Gut microbiome Westernized immediately after relocation
In addition to just logging the number of different species, we were also interested in knowing the identity of the different types of bacteria living in the guts of our participants. We were particularly interested in two bacterial groups: Bacteroides, which is commonly found in individuals in Westernized countries, and Prevotella, which is common in individuals in non-Western countries.
These two bacteria are not necessarily good or bad; they’re simply dominant members of the gut microbiomes in different populations around the world. When we examined the gut microbiomes of everyone in our study, we found that, as expected, all of the individuals who were residing in Asia had very high proportions of the non-Western Prevotella. But what we discovered next was surprising.
We discovered that immediately after immigrants moved to the U.S., Bacteroides strains started to replace their native Prevotella strains. After about a decade, first-generation immigrants are no longer dominated by Prevotella, but rather by the U.S.-associated Bacteroides.

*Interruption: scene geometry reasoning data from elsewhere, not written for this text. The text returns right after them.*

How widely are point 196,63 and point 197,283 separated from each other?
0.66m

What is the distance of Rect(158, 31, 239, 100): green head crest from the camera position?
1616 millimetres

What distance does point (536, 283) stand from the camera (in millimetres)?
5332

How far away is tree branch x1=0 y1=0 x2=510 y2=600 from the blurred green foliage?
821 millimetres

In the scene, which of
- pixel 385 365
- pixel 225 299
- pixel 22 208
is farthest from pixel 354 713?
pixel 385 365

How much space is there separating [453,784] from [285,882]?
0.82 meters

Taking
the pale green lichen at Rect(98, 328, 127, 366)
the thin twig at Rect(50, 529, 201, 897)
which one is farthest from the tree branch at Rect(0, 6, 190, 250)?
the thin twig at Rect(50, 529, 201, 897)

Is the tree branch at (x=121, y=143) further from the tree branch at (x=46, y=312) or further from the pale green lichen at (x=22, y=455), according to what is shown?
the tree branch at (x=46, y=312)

Diet explains some changes to the gut microbiome
The obvious explanation for all of these changes is diet, since it is one of the strongest drivers of what species of microbes live in a person’s gut. We found that immigrants who lost Prevotella strains also lost highly specialized enzymes carried by those Prevotella for breaking down certain types of plants. These included palm, coconut, konjac and tamarind, which are commonly eaten in Southeast Asia. It is likely that the immigrants we studied had stopped eating some of these traditional foods after immigration, and the microbes that relied on those plant nutrients failed to grow and multiply and died off.
Although some of the microbes that U.S. immigrants begin to lose seem to be clearly related to changes in diet, we found that many species in the gut microbiome changed much faster and more drastically than their diet changed. We could not explain all of the changes in the gut microbiomes using dietary data alone, suggesting that there are likely other factors that are also affecting the microbiome. These factors could include water sources, antiparasitics or antibiotics, other medications, physical activity, mental health and other environmental exposures.
Although we see that immigration-related microbiome changes are even stronger in obese individuals, we cannot test whether the microbiome is actually causing obesity in our cohort. However, previous studies have shown that having the wrong microbes can cause obesity in mice. It is our hope that we can identify certain dietary interventions that will help U.S. immigrants stay metabolically healthy, or even provide certain microbes that can be used as therapeutics to prevent or treat obesity.
Terrence Treft: thanks for the interesting article.
many takeaways/questions here.
microbes westernize or americanize?
50% americans are obese and 80% overweight. did generational americans experience gut microbe alterations, too?
or did our diet just explode, causing us to explode?
do obese/overweight americans who immigrate or expatriate to non-western countries become slim/slimmer?
one factor associated with american obesity is economic class. do wealthy non-western immigrants gain weight at the same proportion as low income immigrants?
many factors for obesity, including genetic/epigenetic. do you have an algorithm to define/refine them?
is gut microbe intake/transplantation a possible treatment for obesity? fecal transplants are being studied currently for other factors.